* The task *
Pull every line with "Lane" from the entries below.

(Dataset items)
<<<<
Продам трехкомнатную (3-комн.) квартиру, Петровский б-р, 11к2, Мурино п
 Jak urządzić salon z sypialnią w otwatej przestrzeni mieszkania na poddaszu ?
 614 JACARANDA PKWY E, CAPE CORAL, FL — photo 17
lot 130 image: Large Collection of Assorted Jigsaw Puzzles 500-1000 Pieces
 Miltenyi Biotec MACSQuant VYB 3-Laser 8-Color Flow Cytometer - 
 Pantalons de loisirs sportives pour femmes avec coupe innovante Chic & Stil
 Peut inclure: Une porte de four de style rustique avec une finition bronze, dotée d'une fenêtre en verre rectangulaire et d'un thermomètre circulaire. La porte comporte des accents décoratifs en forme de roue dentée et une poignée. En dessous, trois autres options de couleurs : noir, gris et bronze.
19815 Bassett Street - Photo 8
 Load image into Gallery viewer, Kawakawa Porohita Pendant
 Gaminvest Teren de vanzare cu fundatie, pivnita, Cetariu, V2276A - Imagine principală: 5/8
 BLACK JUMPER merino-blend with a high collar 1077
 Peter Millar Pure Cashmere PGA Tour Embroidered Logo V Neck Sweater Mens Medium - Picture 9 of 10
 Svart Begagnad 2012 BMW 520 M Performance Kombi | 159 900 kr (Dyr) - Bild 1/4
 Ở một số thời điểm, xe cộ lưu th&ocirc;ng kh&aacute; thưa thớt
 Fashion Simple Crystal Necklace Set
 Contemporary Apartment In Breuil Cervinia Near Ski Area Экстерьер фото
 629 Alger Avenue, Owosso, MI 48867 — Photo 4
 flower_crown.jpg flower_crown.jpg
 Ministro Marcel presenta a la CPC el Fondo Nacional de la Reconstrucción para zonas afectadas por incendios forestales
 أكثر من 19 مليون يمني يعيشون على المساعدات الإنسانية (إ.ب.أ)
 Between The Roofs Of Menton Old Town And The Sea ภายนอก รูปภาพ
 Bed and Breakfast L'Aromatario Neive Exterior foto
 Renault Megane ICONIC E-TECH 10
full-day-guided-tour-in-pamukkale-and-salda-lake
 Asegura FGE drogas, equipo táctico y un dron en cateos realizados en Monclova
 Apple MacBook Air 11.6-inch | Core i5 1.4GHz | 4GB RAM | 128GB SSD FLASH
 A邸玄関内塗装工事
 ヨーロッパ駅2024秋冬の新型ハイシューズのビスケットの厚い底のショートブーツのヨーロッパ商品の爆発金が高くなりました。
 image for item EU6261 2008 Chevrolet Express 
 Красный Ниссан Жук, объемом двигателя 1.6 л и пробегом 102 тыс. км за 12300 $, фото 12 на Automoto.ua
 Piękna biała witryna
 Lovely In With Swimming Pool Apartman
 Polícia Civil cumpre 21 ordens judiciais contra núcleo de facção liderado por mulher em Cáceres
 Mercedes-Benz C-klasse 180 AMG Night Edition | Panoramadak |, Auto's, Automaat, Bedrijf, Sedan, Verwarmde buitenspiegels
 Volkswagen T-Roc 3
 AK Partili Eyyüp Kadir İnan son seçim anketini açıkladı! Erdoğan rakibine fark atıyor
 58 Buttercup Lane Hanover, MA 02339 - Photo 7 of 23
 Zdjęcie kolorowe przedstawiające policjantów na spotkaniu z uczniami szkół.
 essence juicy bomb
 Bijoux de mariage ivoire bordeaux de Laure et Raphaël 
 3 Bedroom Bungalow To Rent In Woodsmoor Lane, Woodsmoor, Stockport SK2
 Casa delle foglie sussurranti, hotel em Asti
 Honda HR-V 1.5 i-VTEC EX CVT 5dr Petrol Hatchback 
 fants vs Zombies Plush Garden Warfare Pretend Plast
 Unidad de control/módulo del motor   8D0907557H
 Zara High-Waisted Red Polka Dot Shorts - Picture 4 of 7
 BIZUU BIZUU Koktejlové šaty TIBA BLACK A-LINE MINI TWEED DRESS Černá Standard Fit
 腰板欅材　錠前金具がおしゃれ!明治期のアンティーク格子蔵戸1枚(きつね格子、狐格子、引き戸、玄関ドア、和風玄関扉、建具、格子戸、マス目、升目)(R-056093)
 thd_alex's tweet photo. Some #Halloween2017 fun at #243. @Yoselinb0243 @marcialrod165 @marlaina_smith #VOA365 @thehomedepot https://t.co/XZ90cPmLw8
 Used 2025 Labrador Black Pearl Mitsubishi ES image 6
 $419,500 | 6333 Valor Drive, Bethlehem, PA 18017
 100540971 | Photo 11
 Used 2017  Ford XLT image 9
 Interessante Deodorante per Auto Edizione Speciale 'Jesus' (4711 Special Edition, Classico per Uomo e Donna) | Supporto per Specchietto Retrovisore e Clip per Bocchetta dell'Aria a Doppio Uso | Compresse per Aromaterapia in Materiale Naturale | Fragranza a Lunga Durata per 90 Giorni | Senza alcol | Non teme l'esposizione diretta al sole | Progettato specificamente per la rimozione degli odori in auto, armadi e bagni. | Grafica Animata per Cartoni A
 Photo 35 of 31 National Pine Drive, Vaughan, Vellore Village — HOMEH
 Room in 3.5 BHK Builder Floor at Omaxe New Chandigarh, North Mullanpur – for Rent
>>>>
* Answer section *
 58 Buttercup Lane Hanover, MA 02339 - Photo 7 of 23
 3 Bedroom Bungalow To Rent In Woodsmoor Lane, Woodsmoor, Stockport SK2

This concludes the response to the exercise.